Failure to Ensure Timely Prior Authorization Resulted in Missed Diabetes Medication Doses
Penalty
Summary
The facility failed to ensure a process was in place for timely prior authorization (PA) of medications, resulting in a resident missing multiple doses of a prescribed diabetes medication, Rybelsus. The resident, who was cognitively intact and had diagnoses including diabetes and heart disease, had a care plan directing staff to administer medications as ordered. However, medication administration records showed repeated missed doses of Rybelsus over several months, with gaps in March, April, and May. The missed doses were due to delays in completing and returning the required PA forms to the pharmacy, which prevented the pharmacy from dispensing the medication. Interviews with staff revealed a lack of clarity and knowledge regarding the PA process. The pharmacist confirmed that the facility did not return PA forms in a timely manner, and staff, including medication aides and nurses, were unsure of their roles in ordering and authorizing medications requiring PA. The medication aide reported notifying nurses about the need for refills but did not escalate the issue promptly when the medication did not arrive.

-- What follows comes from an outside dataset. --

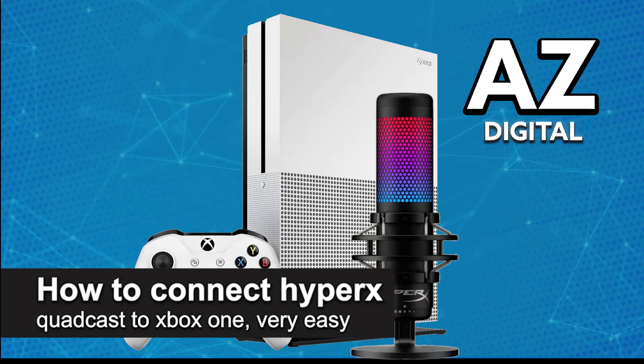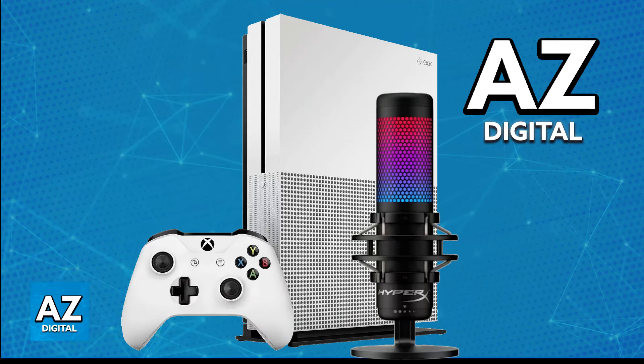In this video, I'm going to teach you how to connect HyperX Quadcast to Xbox One. It's a very easy process, so make sure to follow along. The HyperX Quadcast microphone is a USB mic primarily designed for PC and Mac usage. Because of this, you won't be able to set it up directly on an Xbox One. If you try to directly connect it to any of the available USB ports, it will not be picked up. So while it is possible to use the HyperX Quadcast on your Xbox One, you will have to do a workaround, and I'm going to cover that in this video.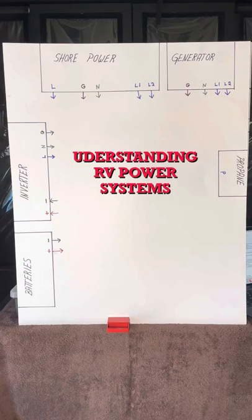Good day, campers. Today we're going to talk about RV power systems — what they are and how they work. While this video is meant for the new RVer, I'm sure there is something in it for everyone. Because there is a lot of information in this video, you may want to come back and re-watch it if you have questions. Be sure to stick around to the end, where I'll show you how all three types of power work together.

Nurses and nurse managers were also unaware of the extent of missed doses, and documentation in progress notes did not consistently reflect the missing medication. The resident reported missing Rybelsus doses for about a month in March and April, as well as some in May, and stated that nurses attributed the delay to the need for administrative approval. The facility's medication orders policy did not include guidance on the PA process, contributing to the confusion and failure to ensure timely medication administration as ordered by the provider.